Tuesday, August 26, 2008

Play it Again, Bud

Well, this was hardly surprising given Bud Selig's m.o. (ignore a problem until it's a crisis and then overreact accordingly), and now it's official:

Three series are scheduled to start Thursday, with Philadelphia at the Chicago Cubs, Minnesota at Oakland and Texas at the Los Angeles Angels. For other games, replays will be available to umpires starting Friday.

For now, video will be used only on so-called "boundary calls," such as determining whether fly balls went over the fence, whether potential home runs were fair or foul and whether there was fan interference on potential home runs.

Fair enough; I'm all for anything to help get the calls correct. But Bud Selig is concerned about a slippery slope:

Selig, who opposed replay in the past, said he won't allow its use to expand to additional types of calls.

"My opposition to unlimited instant replay is still very much in play," Selig said. "I really think that the game has prospered for well over a century now doing things the way we did it."

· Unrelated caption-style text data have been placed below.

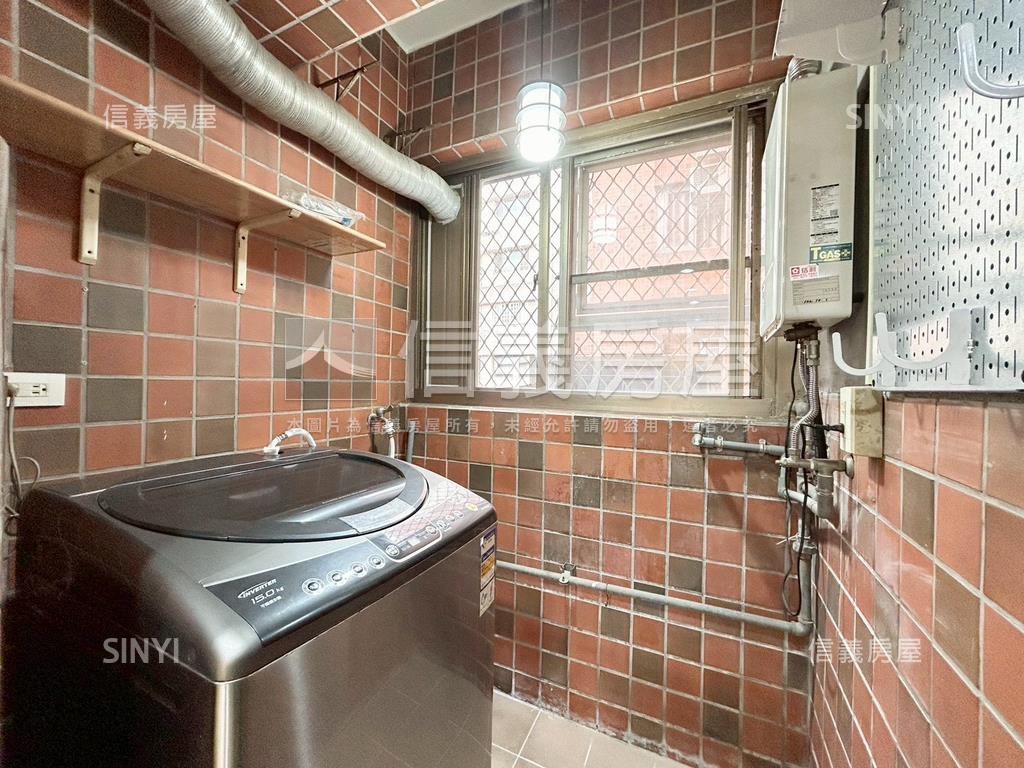 文化貴臨總圖旁電梯附車位房屋室內格局與周邊環境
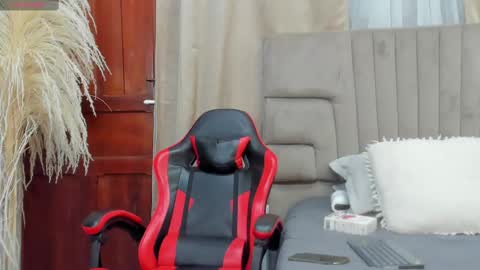 Snapshot of angel_adamx chatting on 10.02.25 Angel online show from 10.02.25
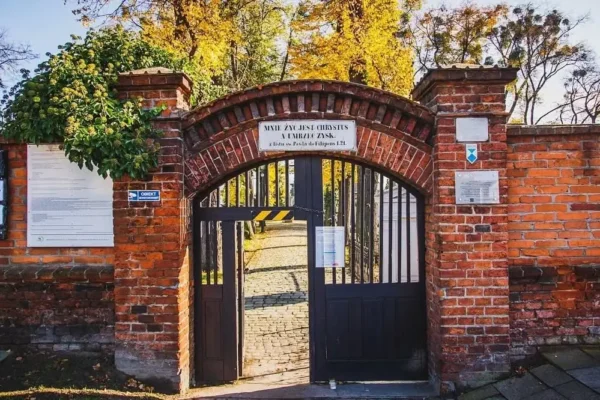 Dzień Zaduszny na Starym Cmentarzu w Ostrowie Wielkopolskim – kwesta na ratowanie zabytkowej nekropolii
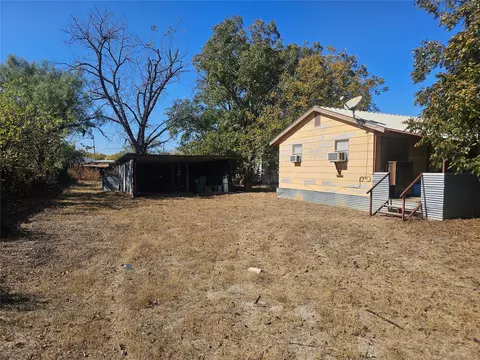 Exterior - 1008 N 6th St, Bangs, TX 76823 photo 4 of 13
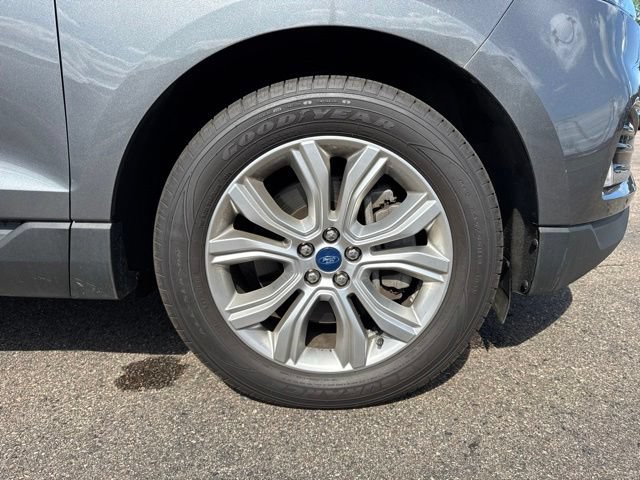 Certified 2022 Ford Edge Titanium AWD/4WD image 9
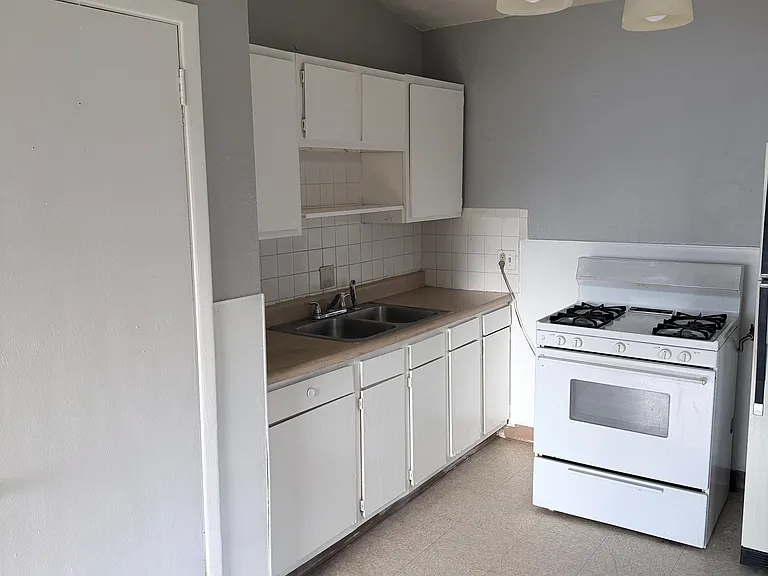 675 Grace Ave — Photo 1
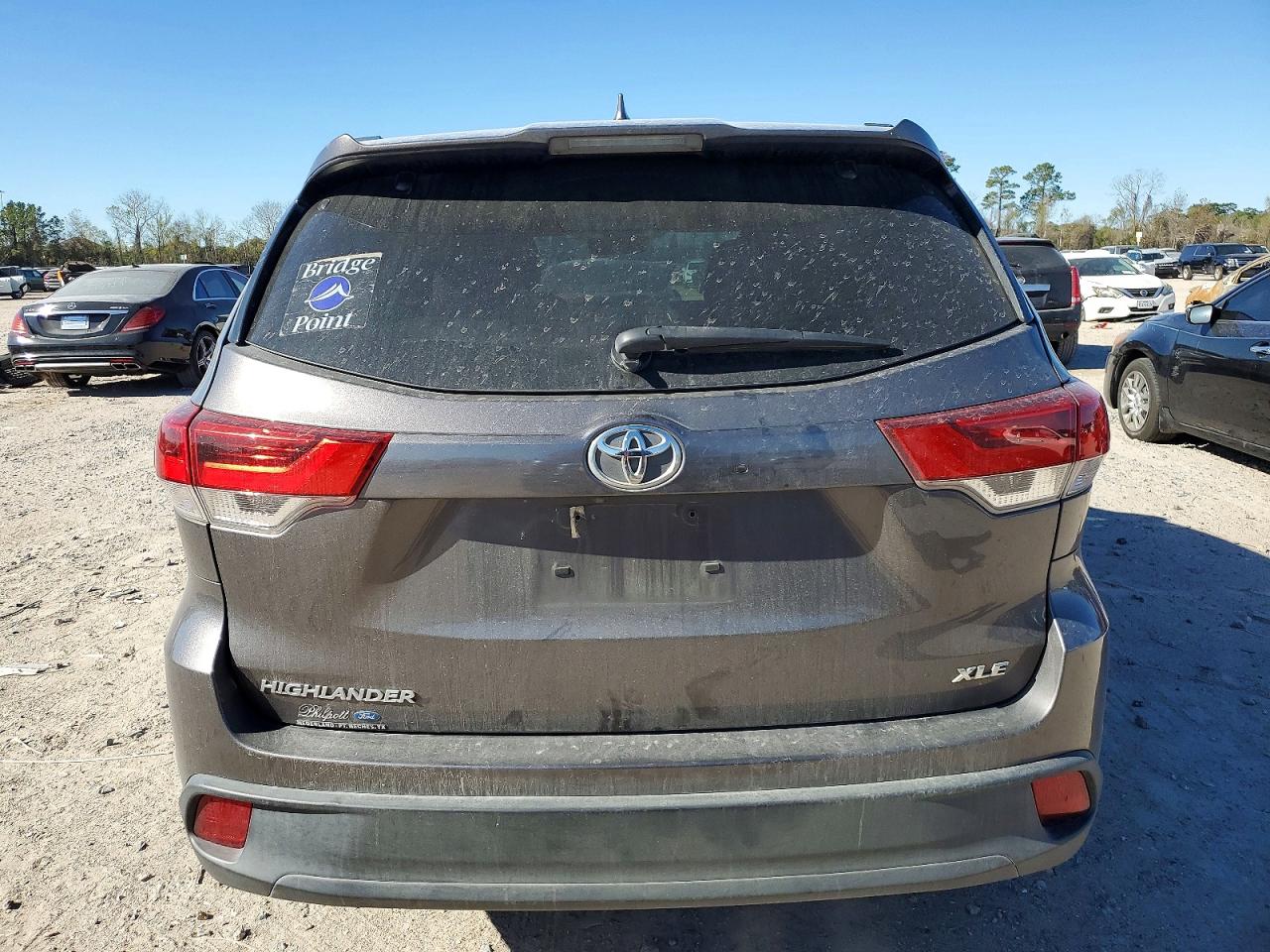 2019 TOYOTA HIGHLANDER SE photo 6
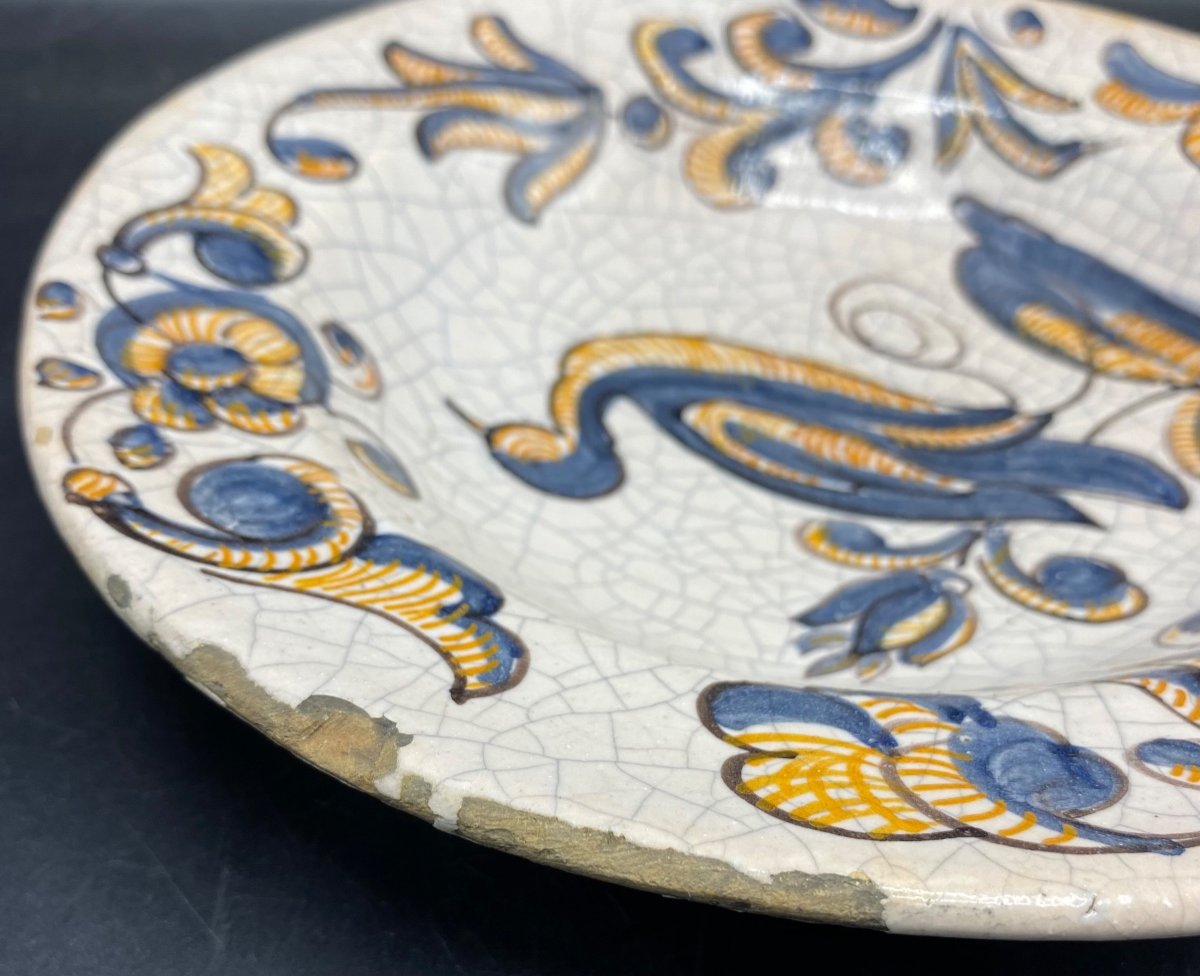 A Small Hollow Dish In Cracked And Painted Glazed Earthenware, Late Spaine Talavera Middle 17th-photo-1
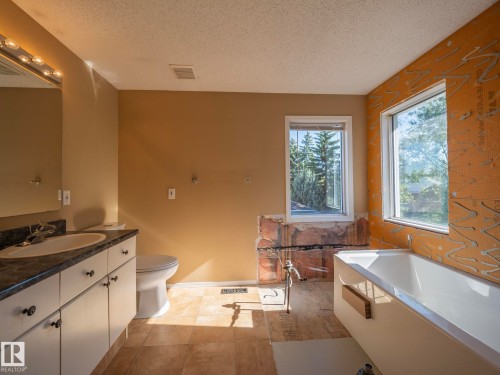 43 Holmgren Crescent, St. Albert, AB 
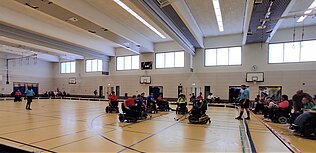 Das Team der Star Drivers vor dem gegnerischen Tor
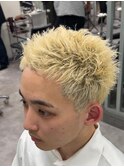 ハイトーンとも相性の良いスパイキーショートスタイル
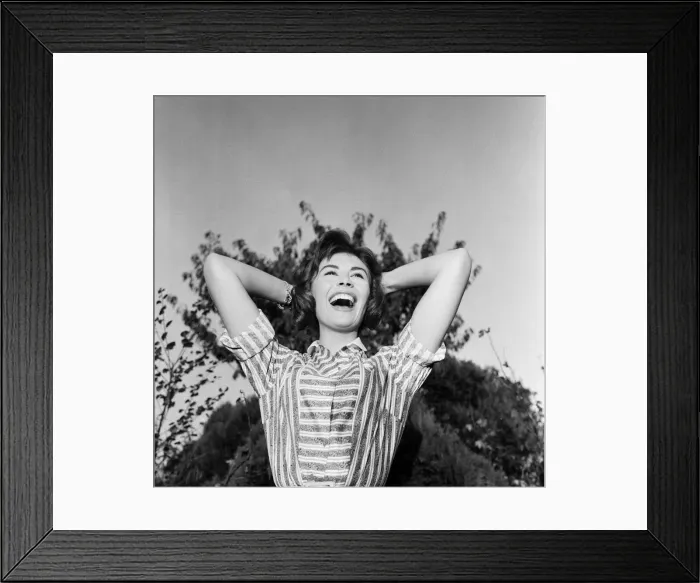 Framed Print : Actress Nanette Newman, at Shepperton Studios where she is in the film Framed Print : Actress Nanette Newman, at Shepperton Studios where she is in the film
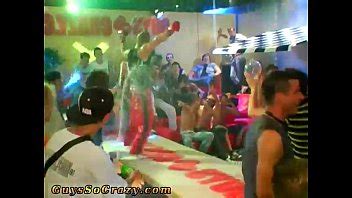 Fotos grupo desnudo universitario chicos gay tumblr Este épico masculino XVIDEOS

All well and good, Bud...except that's just not true. The game today is rather changed from its early days. We have free agency, the DH, the Wild Card, interleague play, curve balls, and so on. Even if that weren't the case, resisting change for the sake of change is ignorant. If more instant replay can make the game better, then why not? If you resist change without consideration because of some bizarre slavery to "tradition," then all that makes you is a Luddite.